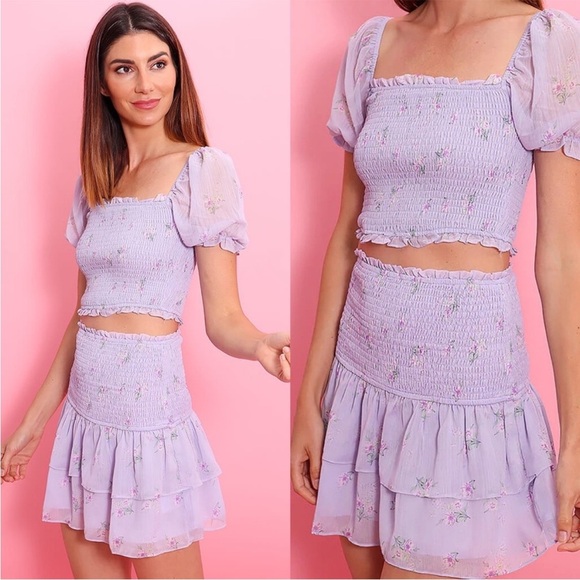 Revolve Storia Smocked Floral Mini Skirt - Picture 1 of 6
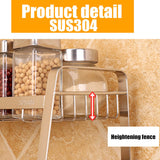 3 Layers Kitchen Spice Rack 304 Stainless Steel Countertop Spice Jars Bottle Shelf Kitchen Organizer Shelf Storage Holder Black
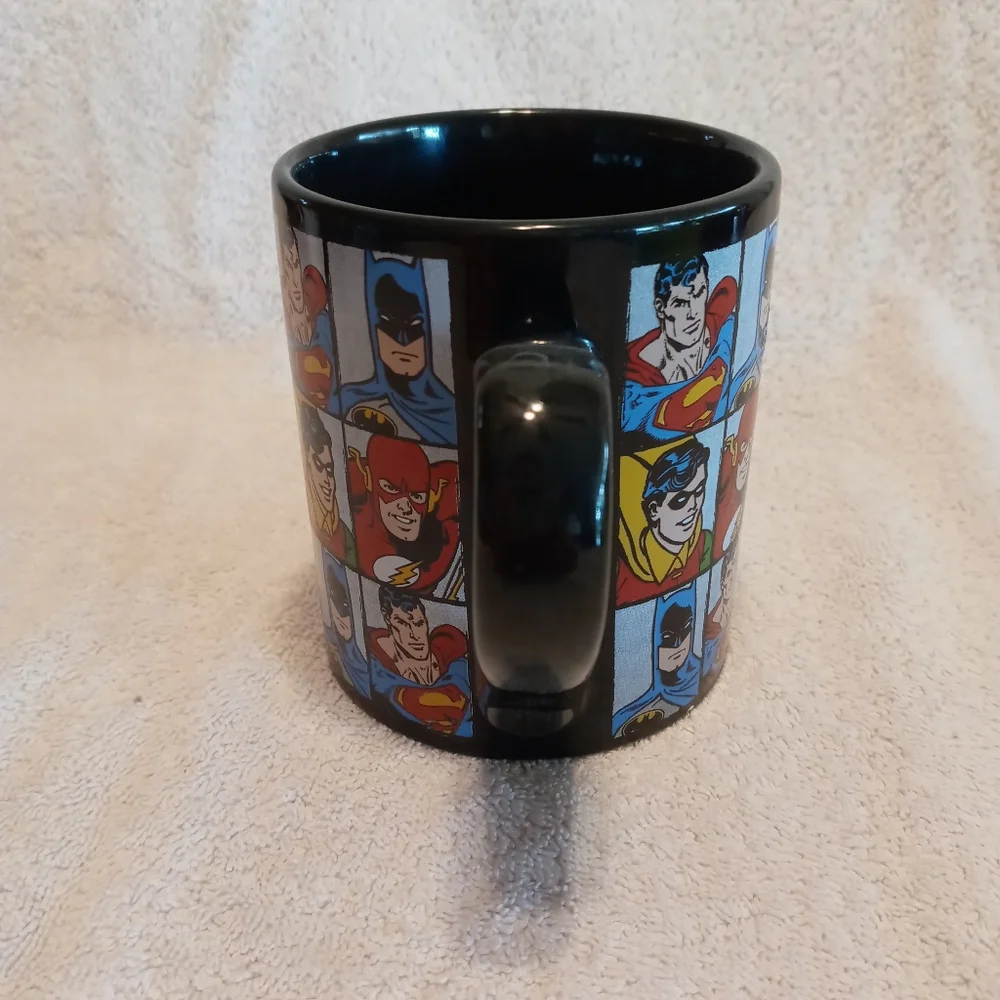 DC Comics Character Grid Ceramic Coffee Mug 12oz Black Interior & Glossy Finish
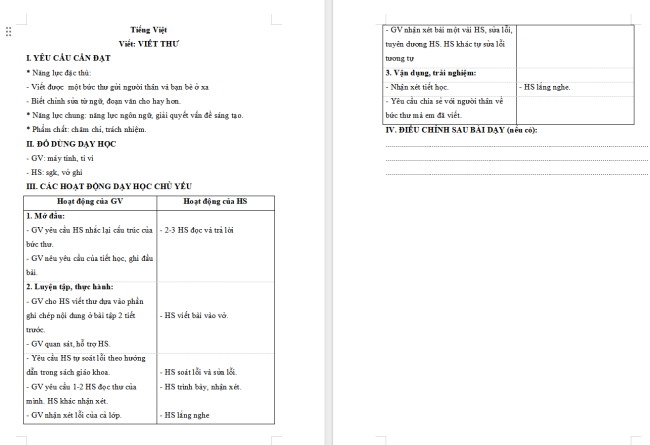 Giáo án Tiếng Việt 4 Bài 32: Viết thư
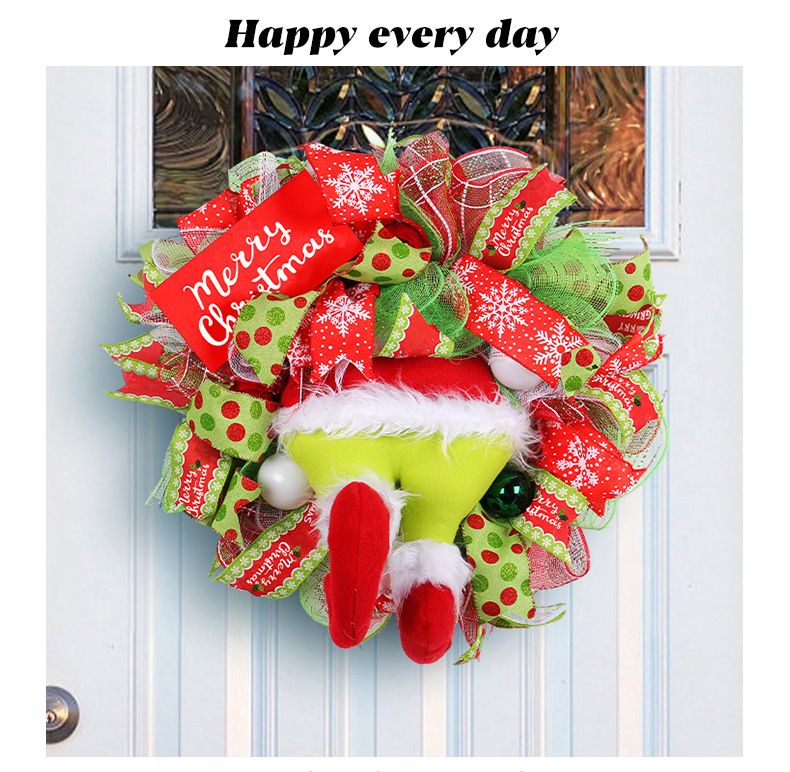 Christmas Green Monster Leg Wreath Door Hanging Decoration Holiday Front Door Decor Outdoor Christmas Ornament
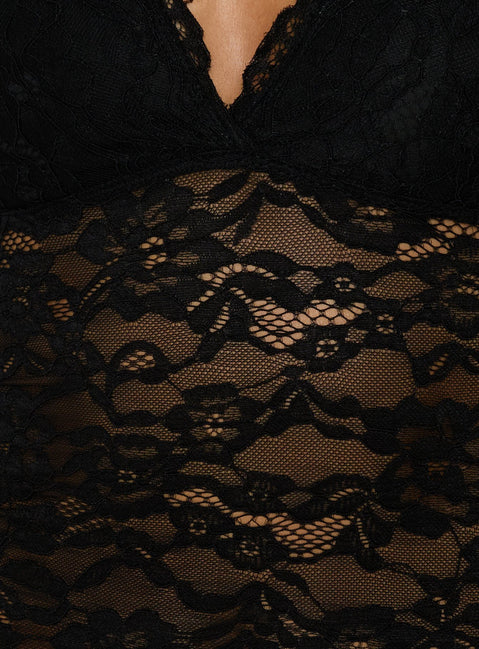 Sloen Lace Halter Top Black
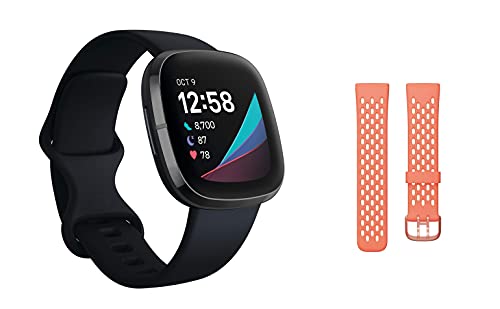 Fitbit Bundle enthält eine Fitbit Sense fortschrittliche Gesundheits-Smartwatch mit Tools für Herzgesundheit sowie ein zusätzliches Armband von Fitbit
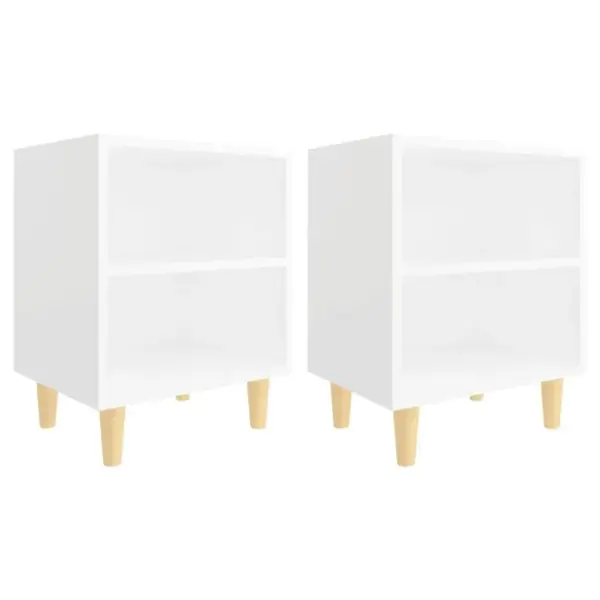 Lot De 2 Tables De Chevet - Tables De Nuit Table Dappoint Avec Pieds En Bois Blanc 40x30x50 Cm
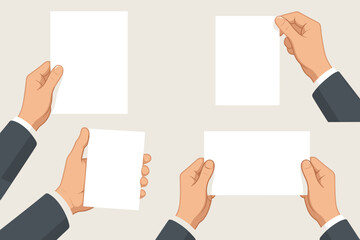 Collection of businessman hands holding blank white sheets of paper. Vector mockup for message, poster, or business card. Man in suit presenting an empty document or note template.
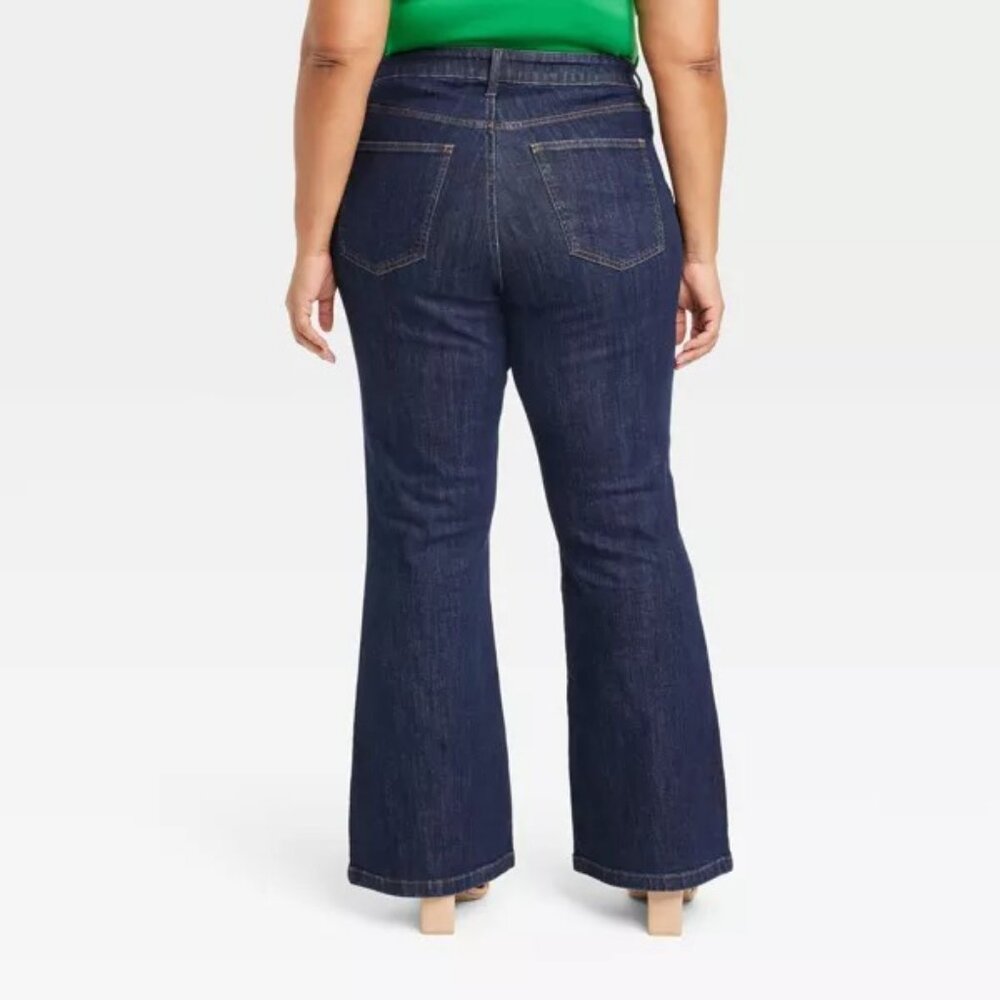 NEW Ava & Viv Women's High-Rise Relaxed Flare Jeans Dark Blue Denim - Picture 2 of 3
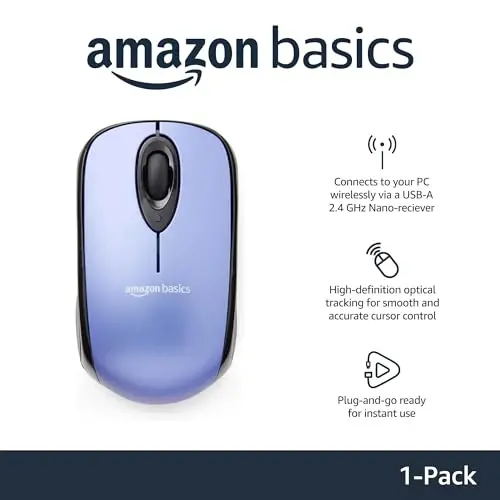 Amazon Basics 2.4 Ghz Wireless Optical Computer Mouse with USB Nano Receiver, Blue - 2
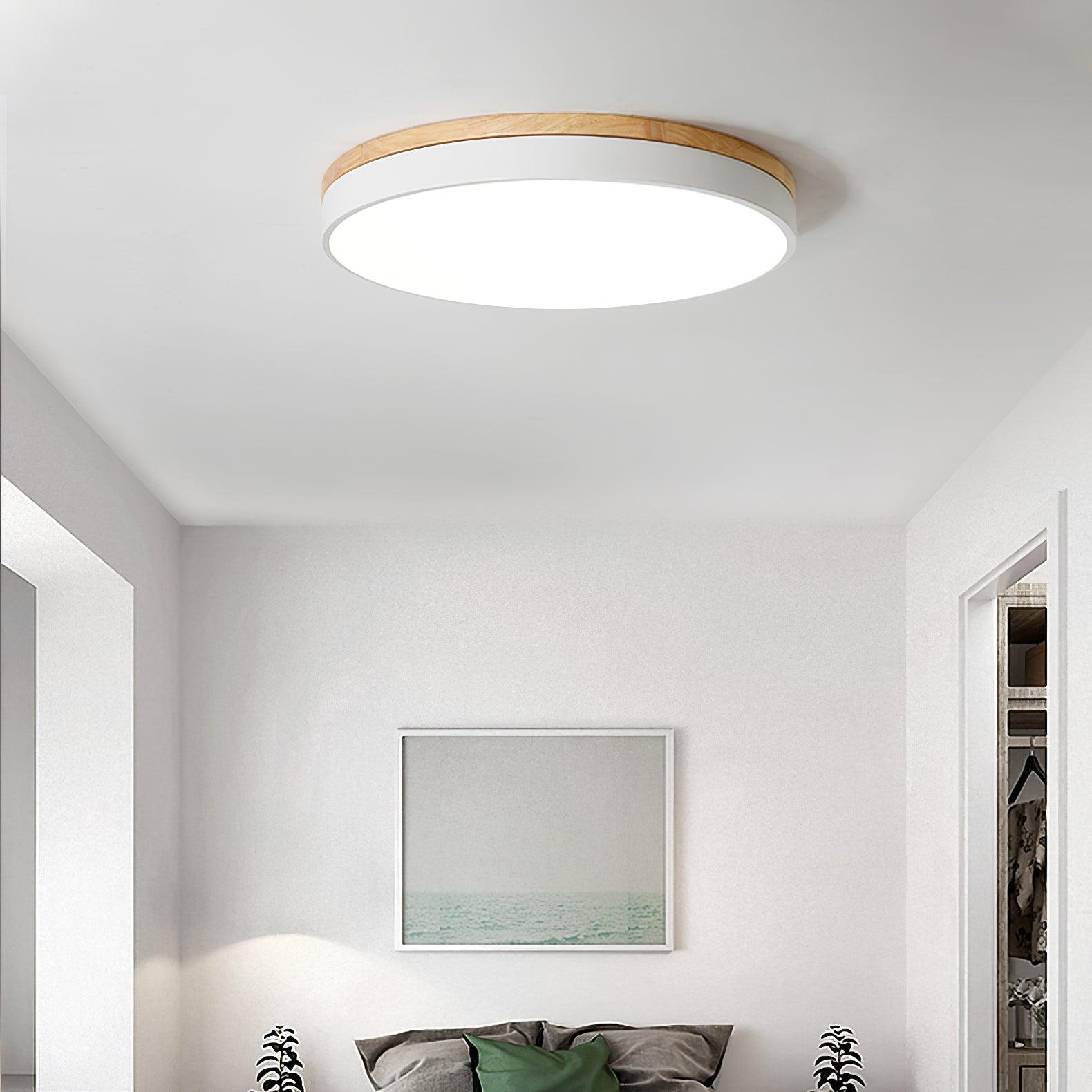 Solara Plafonnier Blanc Ronde avec Bois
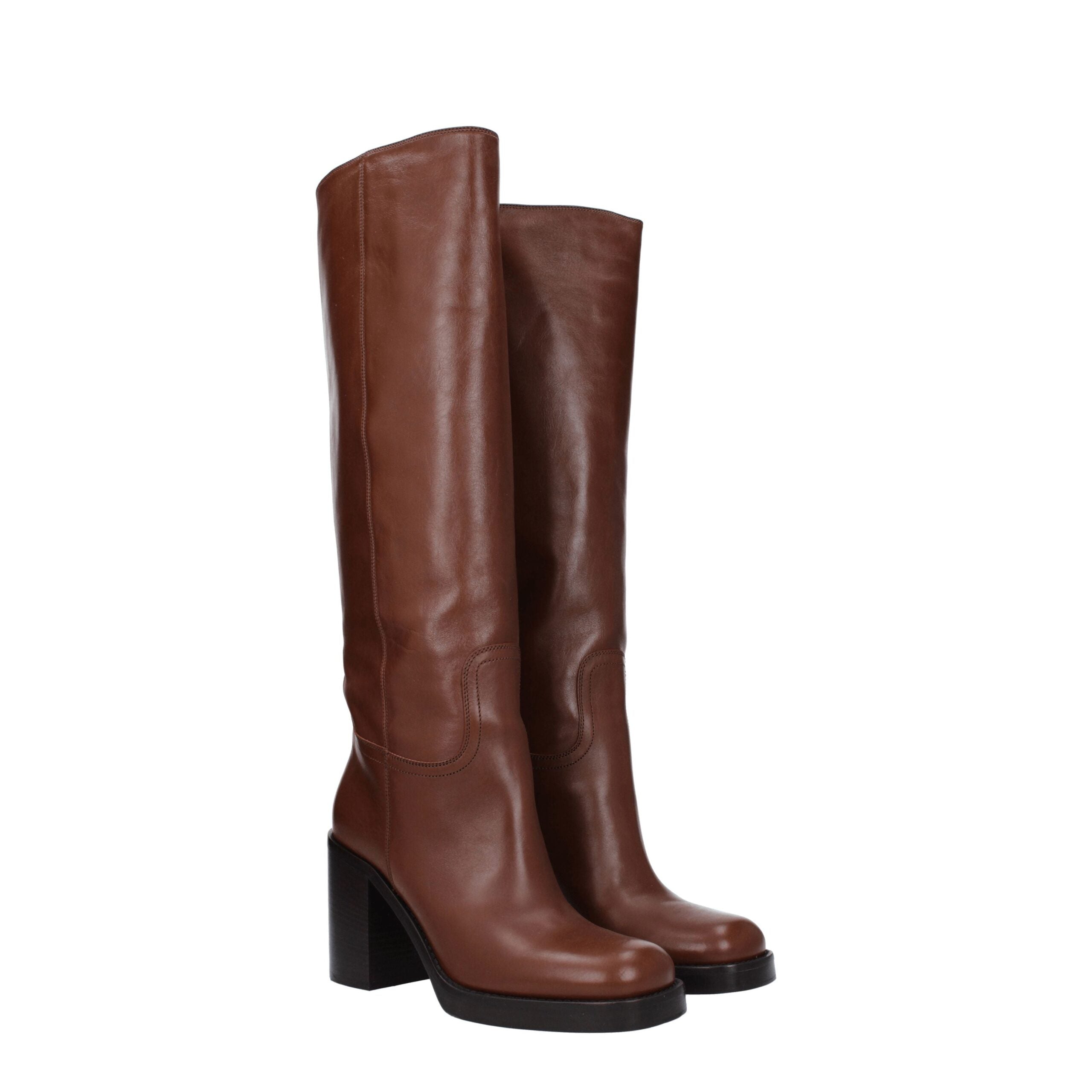 Prada – Brown Leather High Heel Boots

What needs to be done:
Only the lines from the start of the material to the line with "Lot De 2 Tables", inclusive, belong in the answer, printed exactly and free of pictures.

Worked solution:
 Revolve Storia Smocked Floral Mini Skirt - Picture 1 of 6
 3 Layers Kitchen Spice Rack 304 Stainless Steel Countertop Spice Jars Bottle Shelf Kitchen Organizer Shelf Storage Holder Black
 DC Comics Character Grid Ceramic Coffee Mug 12oz Black Interior & Glossy Finish
 Giáo án Tiếng Việt 4 Bài 32: Viết thư
 Christmas Green Monster Leg Wreath Door Hanging Decoration Holiday Front Door Decor Outdoor Christmas Ornament
 Sloen Lace Halter Top Black
 Fitbit Bundle enthält eine Fitbit Sense fortschrittliche Gesundheits-Smartwatch mit Tools für Herzgesundheit sowie ein zusätzliches Armband von Fitbit
 Lot De 2 Tables De Chevet - Tables De Nuit Table Dappoint Avec Pieds En Bois Blanc 40x30x50 Cm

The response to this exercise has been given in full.